# Fair Fuel Anti-Cycling Survey



## amasidlover (10 Dec 2017)

I think it would be well worth a few of us filling this out; I've already done so...

https://www.fairfueluk.com/Christmas/Christmas-Poll.php


----------



## Spinney (10 Dec 2017)

done


----------



## Drago (10 Dec 2017)

Done.

Apparently the arch anti cyclist Quentin F***wit Wilson is involved in this, so I'd urge cyclists every where to complete this questionnaire and shove it up his smug arriss.


----------



## Lonestar (10 Dec 2017)

Good god.No I abandoned for various reasons.

https://www.thesun.co.uk/news/4813202/opinion-quentin-willson-motorists-pay-billions/

Must admit I didn't realise how much motorists were doing for me.


----------



## Lonestar (10 Dec 2017)

Ha I sent it with the biggest amount of $h1t going.


----------



## FishFright (10 Dec 2017)

User said:


> I filled it in as a truck driver who feels that the lack of meaningful policing of poor driving is the major problem. If only I was prepared to divulge an email address and postcode



No one says they have to be yours wdjkf@ned.net


----------



## Drago (10 Dec 2017)

My biggest frustrations:

"Ridiculous polls with a disingenuous anti cycling bias"

I've now filled it out 6 times.


----------



## snorri (10 Dec 2017)

CycleChatters have been known to be critical of polls set by researchers on cycling issues, these look thoroughly professional when compared with this FairFuel effort.
Do cycle lanes improve traffic flow? 
Would that be pedestrian traffic, cycle traffic, car traffic, or van and lorry traffic?

Tick the biggest frustrations...Speed cameras, the fact that there are not enough of them!


----------



## Drago (10 Dec 2017)

Frustration #2...

"That the price of fuel is too low, and does not reflect the environmental, health, and societal damage that unrestricted road traffic is responsible for."


----------



## Lonestar (10 Dec 2017)

snorri said:


> Tick the biggest frustrations...Traffic cops, the fact that there are not enough of them!



FTFY!


----------



## jefmcg (10 Dec 2017)

They left off "angry"


----------



## Ming the Merciless (10 Dec 2017)

User said:


> I filled it in as a truck driver who feels that the lack of meaningful policing of poor driving is the major problem.
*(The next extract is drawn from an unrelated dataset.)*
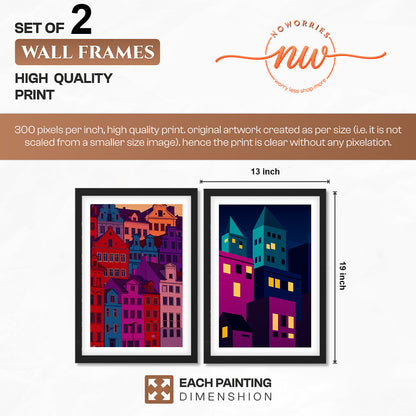 Modern Neon City Wall Frame Set of 2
If only I was prepared to divulge an email address and postcode



Use that of your local MP


----------



## FishFright (10 Dec 2017)

[QUOTE 5073660, member: 9609"] *As well as * filling it out, why not counteract it with a letter to your local police / MP etc demanding better road policing. Pick out a road near you where it is obvious speeding is endemic and demand some action, it is likely the police will do a token spot with the speed gun and put some money into the treasury.[/QUOTE]

FTFY 
But a good idea


----------



## MossCommuter (10 Dec 2017)

Ha! You think I'm giving my name, postcode and email address to that bunch of Muppets.

Besides. I don't have a car so some questions are impossible to answer


----------



## MossCommuter (10 Dec 2017)

[QUOTE 5073725, member: 43827"]It's an internet survey so nobody says it has to be accurate.

Just lie and use it to counteract Wilson's usual motoring bias.

It's only fake news![/QUOTE]
Did


----------



## jefmcg (10 Dec 2017)

There is no good answer to this question






Have you stopped beating your wife?
[ ] No [ ] Yes [ ] Don't know.

Any responses to the survey just gives them undeserved legitimacy.


----------



## Lonestar (10 Dec 2017)

Any responses to the survey just shows a huge bias.

6. Would you fit winter tyres if Insurance companies gave a discount?





6a Would you stop using mobile phones while driving if the Insurance companies gave a discount?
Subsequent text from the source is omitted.